Milano, 13 marzo 2016 - La preoccupazione di Palazzo Marino sta tutta in quella frase a fine delibera di Giunta: «Stante il numero elevato di controversie pendenti in cui è sollevata analoga eccezione, è interesse dell’amministrazione comunale ottenere la cassazione della sentenza». Sì, perché il verdetto emesso dal Tribunale civile il 10 novembre 2015 rischia di diventare precedente non di poco conto per piazza Scala (e le sue casse soprattutto). In ballo ci sono tutte quelle multe per eccesso di velocità rilevate dagli autovelox e notificate ben oltre i 90 giorni prescritti dall’articolo 201 del Codice della Strada. Contravvenzioni a scoppio ritardato. La vicenda è nota. Ecco le tappe. Nel marzo del 2014, il Comune installa gli occhi elettronici lungo sette arterie della città. Prime settimane da tregenda per gli automobilisti disattenti o semplicemente indisciplinati: una pioggia di sanzioni li travolge, più di 7mila giornaliere all’inizio (oggi sono meno di 2mila). Allo stesso tempo, però, si moltiplica anche il lavoro dei ghisa chiamati a verificare materialmente la violazione – prendendo nota della targa del veicolo dalle immagini e associandola ai dati del proprietario – per poi spedire il verbale ai trasgressori. Tradotto: tempi lunghissimi, più dei tre mesi canonici. 

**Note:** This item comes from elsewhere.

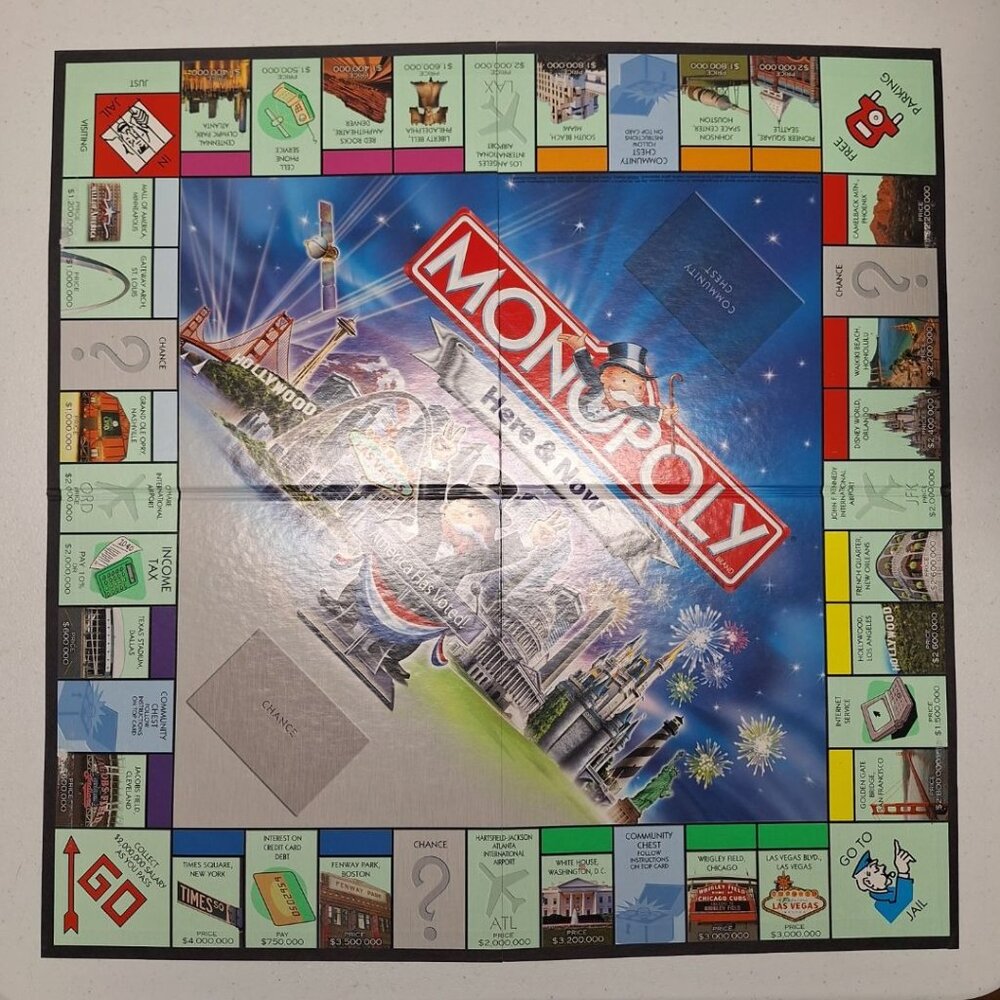 Monopoly Here Now Board Only Game Replacement Piece Folding 2006 Crafting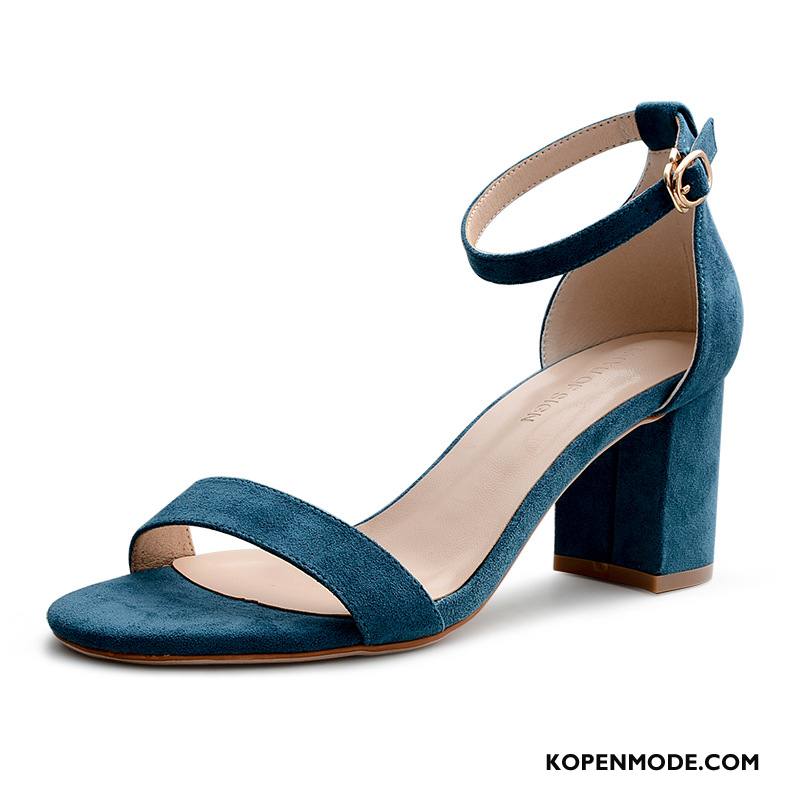 Sandalen Dames Dikke Zool Zomer Schoenen Vrouwen 2018 Hoge Hakken Blauw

Piazza Scala adotta quindi un’interpretazione estensiva della norma, facendo partire il conto alla rovescia dei 90 giorni dal giorno in cui l’agente di turno visiona il fotogramma «incriminato». Modus operandi che fa sollevare più di un sopracciglio, anche in Prefettura: da Palazzo Diotti, cui i conducenti possono rivolgersi per chiedere l’annullamento della multa, parte una richiesta di chiarimenti al Ministero dell’Interno. E il Viminale risponde: «Già a far tempo dalla sentenza n.198 del 10 giugno 1996 – la nota – la Corte Costituzionale ha dichiarato l’illegittimità del I comma dell’articolo 201 del Codice della strada, nella formulazione all’epoca vigente, nella parte in cui non fa decorrere il termine per la notificazione “comunque dalla data in cui la pubblica amministrazione è posta in grado di provvedere alla loro (dei trasgressori o degli obbligati in solido) identificazione”. Appare pertanto indubbio che le ragioni che possono legittimare gli enti cui appartengono gli organi accertatori a superare tali limiti non possono che dipendere da fattori esterni e non da prassi organizzative interne». Forte di questo parere, l’avvocato mantovano Enrico Lungarotti, “beccato” alle 4 del 25 maggio 2014 a 91 all’ora su via Palmanova (limite a 70 chilometri), impugna la sanzione davanti al giudice di pace. Il motivo? Il verbale gli è arrivato il 31 ottobre 2014. Cioè 67 giorni oltre i termini. Nel febbraio 2015, il giudice di pace annulla il verbale, «ritenendo fondata l’eccezione di tardività della notifica del verbale d’accertamento». Il Comune non ci sta e si appella al Tribunale civile. Altra sconfitta: la Sezione Prima respinge le istanze di Palazzo Marino. Che ora è all’ultima spiaggia: la Suprema Corte.